WISATA RELIGI DI KOTA SEMARANG
Jika anda
adalah penikmat wisata religi, jangan pernah lewatkan berkunjung ke ibu kota
Jawa Tengah ini. Anda bisa menemukan masjid, gereja, kelenteng, pagoda hingga
pura. Bahkan beberapa di antaranya dibangun ratusan tahun yang lalu! Penasaran?
Check it out.
Masjid
1.
Masjid Menara Kampung Melayu
Masjid
ini juga dikenal sebagai Masjid Layur
karena terletak di Jalan Layur, salah satu jalan yang (sayangnya) terkenal
sebagai kawasan langganan terkena banjir rob alias banjir yang datang tanpa
mengenal musim penghujan maupun musim kemarau. Kawasan ini juga disebut Kampung
Melayu karena konon dulu penduduknya merupakan keturunan para migran yang
berasal dari Melayu.
|
Masjid Menara Kp. Melayu |
Masjid
Layur dibangun oleh seorang ulama Arab yang datang dari Yaman. Bangunan induk masjid memiliki arsitektur
bergaya Jawa dengan atap masjid susun tiga. Sedangkan menara yang berdiri kokoh
di depan pintu masuk masjid bergaya arsitektur Timur Tengah.
|
menara di Masjid Menara Kp. Melayu |
Sampai
sekarang bangunan masjid ini masih asli seperti ketika pertama kai dibangun
pada tahun 1802, lebih dari 200 tahun yang lalu. Hanya ada tambahan bangunan
ruangan untuk jemaah perempuan. Masjid juga masih digunakan untuk beribadah
oleh masyarakat sekitar.
Untuk
menuju masjid ini, dari arah Kantor Pos Besar Jalan Pemuda, sebelum Jembatan
mBerok, kita belok kiri. Kita akan menemukan rel kereta api di depan, kita
menyeberangi rel tersebut. Setelah menyeberangi rel, kita lurus saja, kita
sudah sampai di Jalan Layur.
2.
Masjid Agung Jawa Tengah
Masjid
Agung Jawa Tengah – yang juga sering disingkat menjadi MAJT – merupakan satu
masjid modern kebanggaan warga Semarang. Mulai dibangun pada tanggal 6
September 2002 dan diresmikan oleh Presiden SBY pada tanggal 14 November 2006.

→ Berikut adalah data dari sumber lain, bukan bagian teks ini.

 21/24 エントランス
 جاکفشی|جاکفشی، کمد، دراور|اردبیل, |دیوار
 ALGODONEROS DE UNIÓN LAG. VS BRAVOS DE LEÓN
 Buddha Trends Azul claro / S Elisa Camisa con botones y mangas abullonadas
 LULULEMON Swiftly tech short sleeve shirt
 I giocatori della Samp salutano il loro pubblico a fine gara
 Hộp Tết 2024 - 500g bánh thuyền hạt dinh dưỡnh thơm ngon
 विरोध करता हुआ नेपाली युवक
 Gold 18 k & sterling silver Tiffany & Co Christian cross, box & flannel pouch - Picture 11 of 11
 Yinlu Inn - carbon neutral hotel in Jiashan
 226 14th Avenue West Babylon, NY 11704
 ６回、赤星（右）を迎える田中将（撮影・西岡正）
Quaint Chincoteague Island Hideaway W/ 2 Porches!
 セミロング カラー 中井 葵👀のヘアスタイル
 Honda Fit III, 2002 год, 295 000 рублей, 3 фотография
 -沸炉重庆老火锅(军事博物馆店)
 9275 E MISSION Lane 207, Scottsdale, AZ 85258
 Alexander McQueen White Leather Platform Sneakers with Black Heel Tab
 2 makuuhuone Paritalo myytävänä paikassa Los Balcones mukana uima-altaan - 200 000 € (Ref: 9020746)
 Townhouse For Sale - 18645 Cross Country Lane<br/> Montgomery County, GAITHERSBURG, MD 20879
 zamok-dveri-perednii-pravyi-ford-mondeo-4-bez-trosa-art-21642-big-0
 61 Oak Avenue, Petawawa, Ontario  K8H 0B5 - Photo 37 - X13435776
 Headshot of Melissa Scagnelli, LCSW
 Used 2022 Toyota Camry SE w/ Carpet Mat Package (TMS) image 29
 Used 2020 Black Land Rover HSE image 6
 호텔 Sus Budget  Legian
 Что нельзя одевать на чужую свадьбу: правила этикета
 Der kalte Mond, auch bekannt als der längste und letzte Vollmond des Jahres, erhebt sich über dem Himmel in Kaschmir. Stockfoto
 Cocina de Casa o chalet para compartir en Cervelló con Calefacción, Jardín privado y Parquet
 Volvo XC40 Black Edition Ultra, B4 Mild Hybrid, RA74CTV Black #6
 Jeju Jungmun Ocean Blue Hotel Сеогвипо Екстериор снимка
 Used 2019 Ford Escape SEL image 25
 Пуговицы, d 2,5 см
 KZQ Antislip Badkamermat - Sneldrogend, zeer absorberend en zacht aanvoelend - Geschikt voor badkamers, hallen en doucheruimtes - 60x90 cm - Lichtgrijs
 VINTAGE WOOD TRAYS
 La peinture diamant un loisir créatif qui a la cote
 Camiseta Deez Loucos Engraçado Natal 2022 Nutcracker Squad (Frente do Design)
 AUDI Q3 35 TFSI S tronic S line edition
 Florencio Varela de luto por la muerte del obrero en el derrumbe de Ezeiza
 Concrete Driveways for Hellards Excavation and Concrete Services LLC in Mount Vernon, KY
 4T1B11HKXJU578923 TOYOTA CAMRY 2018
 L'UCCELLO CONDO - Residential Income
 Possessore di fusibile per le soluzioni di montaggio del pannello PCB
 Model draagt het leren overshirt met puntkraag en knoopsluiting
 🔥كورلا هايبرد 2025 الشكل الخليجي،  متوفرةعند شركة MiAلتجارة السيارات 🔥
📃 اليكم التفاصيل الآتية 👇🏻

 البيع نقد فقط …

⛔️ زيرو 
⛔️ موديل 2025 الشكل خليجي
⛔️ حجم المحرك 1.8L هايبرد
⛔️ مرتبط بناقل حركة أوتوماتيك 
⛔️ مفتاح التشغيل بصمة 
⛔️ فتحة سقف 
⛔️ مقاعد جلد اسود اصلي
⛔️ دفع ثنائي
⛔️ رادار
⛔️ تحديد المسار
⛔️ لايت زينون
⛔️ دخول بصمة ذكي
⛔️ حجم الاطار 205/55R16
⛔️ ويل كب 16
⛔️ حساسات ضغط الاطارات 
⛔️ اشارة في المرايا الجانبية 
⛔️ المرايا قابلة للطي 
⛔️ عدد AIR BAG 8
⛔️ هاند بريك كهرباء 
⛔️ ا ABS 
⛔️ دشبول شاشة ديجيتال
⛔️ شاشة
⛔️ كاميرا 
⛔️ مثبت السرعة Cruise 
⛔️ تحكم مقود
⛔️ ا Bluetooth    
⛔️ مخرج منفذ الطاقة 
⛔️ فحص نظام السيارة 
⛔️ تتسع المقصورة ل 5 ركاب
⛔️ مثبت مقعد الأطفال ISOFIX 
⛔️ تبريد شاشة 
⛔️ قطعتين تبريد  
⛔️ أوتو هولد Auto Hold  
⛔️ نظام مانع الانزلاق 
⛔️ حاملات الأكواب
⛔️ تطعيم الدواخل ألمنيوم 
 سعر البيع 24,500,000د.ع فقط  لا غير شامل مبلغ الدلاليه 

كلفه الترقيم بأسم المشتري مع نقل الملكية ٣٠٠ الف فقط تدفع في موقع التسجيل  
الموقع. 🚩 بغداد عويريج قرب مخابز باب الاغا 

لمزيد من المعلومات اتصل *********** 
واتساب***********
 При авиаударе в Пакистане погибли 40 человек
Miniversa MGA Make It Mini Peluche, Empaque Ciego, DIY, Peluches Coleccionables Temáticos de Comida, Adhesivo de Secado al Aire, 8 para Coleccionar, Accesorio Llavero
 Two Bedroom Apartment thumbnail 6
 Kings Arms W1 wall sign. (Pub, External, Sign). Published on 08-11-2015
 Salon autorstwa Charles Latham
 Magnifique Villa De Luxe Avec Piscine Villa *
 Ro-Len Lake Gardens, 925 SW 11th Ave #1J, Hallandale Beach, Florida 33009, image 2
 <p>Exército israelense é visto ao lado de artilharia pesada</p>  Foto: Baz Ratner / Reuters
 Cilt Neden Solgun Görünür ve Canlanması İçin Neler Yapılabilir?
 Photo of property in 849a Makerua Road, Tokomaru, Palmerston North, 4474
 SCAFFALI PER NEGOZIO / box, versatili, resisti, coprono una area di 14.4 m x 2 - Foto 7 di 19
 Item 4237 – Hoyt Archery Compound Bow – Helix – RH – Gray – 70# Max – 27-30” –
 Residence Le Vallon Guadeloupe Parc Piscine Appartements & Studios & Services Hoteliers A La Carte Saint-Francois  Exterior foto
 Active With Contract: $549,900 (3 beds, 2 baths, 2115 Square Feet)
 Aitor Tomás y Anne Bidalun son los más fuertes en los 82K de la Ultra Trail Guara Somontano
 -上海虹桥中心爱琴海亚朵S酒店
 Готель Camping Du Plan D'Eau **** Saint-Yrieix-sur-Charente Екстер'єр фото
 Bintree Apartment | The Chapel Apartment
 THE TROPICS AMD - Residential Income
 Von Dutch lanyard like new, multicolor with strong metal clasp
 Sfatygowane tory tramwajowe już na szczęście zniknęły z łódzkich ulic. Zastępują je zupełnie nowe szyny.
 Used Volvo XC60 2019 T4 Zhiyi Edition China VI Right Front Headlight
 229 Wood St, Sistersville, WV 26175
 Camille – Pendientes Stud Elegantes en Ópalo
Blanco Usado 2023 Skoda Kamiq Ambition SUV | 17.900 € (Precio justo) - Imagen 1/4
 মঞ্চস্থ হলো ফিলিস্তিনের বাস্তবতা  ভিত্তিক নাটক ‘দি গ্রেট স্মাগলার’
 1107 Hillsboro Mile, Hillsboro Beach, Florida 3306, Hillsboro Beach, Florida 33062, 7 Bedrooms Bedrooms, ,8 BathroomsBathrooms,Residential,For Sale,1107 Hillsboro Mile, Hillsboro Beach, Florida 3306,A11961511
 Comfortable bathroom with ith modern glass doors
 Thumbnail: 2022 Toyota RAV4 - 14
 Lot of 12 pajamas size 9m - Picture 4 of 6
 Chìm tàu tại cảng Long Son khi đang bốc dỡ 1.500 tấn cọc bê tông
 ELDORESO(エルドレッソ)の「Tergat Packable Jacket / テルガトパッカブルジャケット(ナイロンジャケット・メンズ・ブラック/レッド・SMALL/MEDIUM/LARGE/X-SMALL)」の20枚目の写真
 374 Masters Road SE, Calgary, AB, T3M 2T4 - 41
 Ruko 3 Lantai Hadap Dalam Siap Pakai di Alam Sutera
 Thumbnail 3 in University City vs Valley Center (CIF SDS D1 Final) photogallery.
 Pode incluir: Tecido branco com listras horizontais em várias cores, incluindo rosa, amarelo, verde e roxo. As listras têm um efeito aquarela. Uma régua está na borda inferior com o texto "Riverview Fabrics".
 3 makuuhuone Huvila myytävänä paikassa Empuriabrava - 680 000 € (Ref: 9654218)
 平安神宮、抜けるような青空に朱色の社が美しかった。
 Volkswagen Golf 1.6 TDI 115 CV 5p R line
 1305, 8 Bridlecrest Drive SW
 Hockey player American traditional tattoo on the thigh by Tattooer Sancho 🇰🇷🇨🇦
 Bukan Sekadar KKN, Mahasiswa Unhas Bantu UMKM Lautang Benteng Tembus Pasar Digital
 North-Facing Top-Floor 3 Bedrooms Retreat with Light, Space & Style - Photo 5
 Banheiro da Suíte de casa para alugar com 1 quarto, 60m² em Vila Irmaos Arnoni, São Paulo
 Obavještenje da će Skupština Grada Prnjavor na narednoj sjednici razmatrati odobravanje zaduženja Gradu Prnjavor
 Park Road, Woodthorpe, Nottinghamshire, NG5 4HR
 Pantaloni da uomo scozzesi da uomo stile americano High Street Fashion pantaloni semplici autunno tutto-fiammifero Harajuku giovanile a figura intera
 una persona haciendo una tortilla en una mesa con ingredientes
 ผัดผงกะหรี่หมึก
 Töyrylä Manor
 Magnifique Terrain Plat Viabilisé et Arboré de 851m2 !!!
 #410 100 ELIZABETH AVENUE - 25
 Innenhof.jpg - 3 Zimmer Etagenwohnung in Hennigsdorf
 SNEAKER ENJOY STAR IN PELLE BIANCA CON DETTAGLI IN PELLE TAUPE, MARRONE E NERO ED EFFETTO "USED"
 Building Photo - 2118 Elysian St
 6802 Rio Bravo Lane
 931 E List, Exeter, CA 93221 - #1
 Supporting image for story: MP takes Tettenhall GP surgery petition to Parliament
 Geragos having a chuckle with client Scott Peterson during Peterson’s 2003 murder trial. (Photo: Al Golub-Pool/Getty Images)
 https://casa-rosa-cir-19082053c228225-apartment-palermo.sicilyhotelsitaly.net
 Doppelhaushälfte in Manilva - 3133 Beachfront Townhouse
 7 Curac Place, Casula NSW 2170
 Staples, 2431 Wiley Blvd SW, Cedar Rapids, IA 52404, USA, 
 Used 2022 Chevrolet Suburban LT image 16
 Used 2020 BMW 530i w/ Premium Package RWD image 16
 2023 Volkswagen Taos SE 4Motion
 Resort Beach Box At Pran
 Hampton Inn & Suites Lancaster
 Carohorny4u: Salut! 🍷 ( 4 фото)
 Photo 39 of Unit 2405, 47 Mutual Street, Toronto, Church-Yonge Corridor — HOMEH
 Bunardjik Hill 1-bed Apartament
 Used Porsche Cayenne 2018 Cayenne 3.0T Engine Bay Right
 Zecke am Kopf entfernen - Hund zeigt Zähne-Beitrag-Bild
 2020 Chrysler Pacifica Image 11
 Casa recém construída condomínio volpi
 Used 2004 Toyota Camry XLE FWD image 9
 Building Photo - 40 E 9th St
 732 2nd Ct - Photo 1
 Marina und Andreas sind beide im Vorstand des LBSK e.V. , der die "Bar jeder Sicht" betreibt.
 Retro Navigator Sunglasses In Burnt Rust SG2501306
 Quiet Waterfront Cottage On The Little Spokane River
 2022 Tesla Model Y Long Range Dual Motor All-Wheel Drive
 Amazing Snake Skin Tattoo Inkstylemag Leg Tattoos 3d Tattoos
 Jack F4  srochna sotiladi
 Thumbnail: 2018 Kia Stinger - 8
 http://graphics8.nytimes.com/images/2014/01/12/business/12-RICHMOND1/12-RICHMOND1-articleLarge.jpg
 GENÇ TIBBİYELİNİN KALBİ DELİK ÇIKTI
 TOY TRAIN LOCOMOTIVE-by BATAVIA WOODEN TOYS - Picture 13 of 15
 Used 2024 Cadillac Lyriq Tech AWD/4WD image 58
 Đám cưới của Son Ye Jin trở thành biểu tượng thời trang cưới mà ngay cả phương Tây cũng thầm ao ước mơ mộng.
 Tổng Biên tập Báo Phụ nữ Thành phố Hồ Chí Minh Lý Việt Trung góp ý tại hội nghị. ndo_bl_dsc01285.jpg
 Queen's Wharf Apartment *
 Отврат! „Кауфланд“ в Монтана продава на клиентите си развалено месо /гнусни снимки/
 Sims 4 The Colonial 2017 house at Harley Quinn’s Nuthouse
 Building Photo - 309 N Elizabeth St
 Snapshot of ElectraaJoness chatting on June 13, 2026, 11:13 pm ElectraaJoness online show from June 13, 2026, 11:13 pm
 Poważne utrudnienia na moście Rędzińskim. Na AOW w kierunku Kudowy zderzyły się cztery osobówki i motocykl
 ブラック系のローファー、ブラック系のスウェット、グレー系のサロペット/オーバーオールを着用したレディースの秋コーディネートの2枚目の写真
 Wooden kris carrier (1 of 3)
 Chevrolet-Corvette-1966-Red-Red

Dibangun dengan gaya arsitektur campuran Jawa, Arab, dan Romawi. Bangunan utama
masjid beratap limas khas banguna Jawa namun di bagian ujungnya dilengkapi
kubah besar ditambah lagi dengan empat menara masing-masing setinggi 62 meter
di tiap penjuru atapnya. Gaya Romawi terlihat dari banguna 25 pilar di pelataran
masjid. Pilar-pilar tersebut bergaya koloseum Athena Romawi dihiasi kaligrafi
nan indah. Selain itu juga dibangun sebuah menara yang menara yang disebut
Al-Husna setinggi 99 meter yang dibangun terpisah dari bangunan masjid dan
pilar-pilar tersebut. Al-Husna Tower ini terdiri dari 19 lantai. Lantai 19
berupa gardu pandang dimana para turis bisa melihat kota Semarang, dengan
teropong yang disediakan. (Untuk ini, sediakan uang receh Rp 1000,00, logam
baru, atau bisa tukar dengan petugas yang jaga. Untuk satu logam uang seribu
rupiah, kita bisa menggunakan teropong selama 90 detik.) Lantai 18 berupa rumah
makan yang berputar 360 derajat. (Sayangnya waktu aku kesana, rumah makan ini
sedang tutup.) Sedangkan lantai 2 dan 3 berupa museum perkembangan Islam di
Jawa Tengah dan museum keterlibatan Islam dalam perkembangan negara Indonesia.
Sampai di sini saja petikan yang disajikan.